Seems like the Egg of Columbus” to me, but I’ve been told I have an uncanny grasp of the obvious.
Given the huge volume of the pressure envelope and abundance and dependability of sunlight above the clouds, Hydrogen could be produced on board by photo-voltaic cells.
Could this BAA actually land with MORE FUEL than it had at take-off?
BMW has a Hydrogen Engine in a limited-production 760 series sedan.
And Germany is producing NT (New Technology) Zeppelins.
6 hours ago
John, your answer was so thorough that nobody else was answering. so I started new. I seen to get my best response in the first hour.
How can I give you “Best Answer” when it is the only answer?
Who would answer the Question after that?
And if you don’t think I can take criticisms, you haven’t read many answers to my questions.
They run 10-1 negative and often insulting. I seldom insult back.
One Response
Why do you keep reposting this? If you post a question, you’ll get answers; if you post an idea, you’ll get criticisms. If you can’t stand the criticisms, well grow up, don’t repost.
There were two high altitude photo-voltaic projects, both no longer exist.
One is a photo-voltaic blimp that acts as a communication and surveillance platform and it does convert water to hydrogen stored in the gas envelope in order to provide power through fuel cells during the night. This because hydrogen has a high gravimetric energy density but a low volumetric energy density, only the large volume of the blimp makes energy storage by hydrogen feasible. As it is at high altitude, the balloonets are large to allow the buoyant gas room to expand hence such an airship would have very little buoyancy at lower altitudes where the pressure needs to be increased in order to maintain structural integrity. Since at altitude, balloonets are mostly empty, only the remaining volume of the balloonets are available for the storage of hydrogen fuel. Because of this, such a vessel is not suited for production of hydrogen at altitude and delivery of said hydrogen to a lower altitude. This is simple physics, you can crunch the numbers to see where the cross over is but it’s likely not to be practical.
The other project is a very lightweight heavier than air craft that derives lift through aerodynamic means. This means a more power is needed to keep it aloft both during the day and at night and the shape reduces places volume restraints hence lithium ion batteries are used for energy storage. As more power is needed just to stay aloft and energy storage options are more limited, the aerodynamic option is also likely to not be practical to deliver fuel to lower altitudes.

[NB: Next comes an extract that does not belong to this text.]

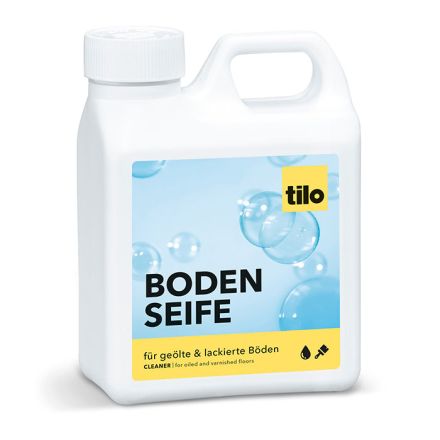 Tilo Bodenseife Reiniger für geölte und lackierte Böden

What you are proposing is a hybrid where the craft is still heavier than air but offset somewhat by buoyancy. Yes there is aerodynamic lift and the shape allows more volume than the heavier than air option but less then the lighter than air option and the shape imposes much greater drag though at altitude that drops off with the air pressure. The ability of such a craft’s ability to physically deliver hydrogen fuel to lower altitudes will be somewhere’s between the airship and the aircraft options. Note that the average of “not likely to be practical” and “not likely to be practical” is “not likely to be practical”.
Note that the high altitude blimp program has been canceled and the NASA Helios heavier than air high altutude photovoltaic aircraft was lost in flight.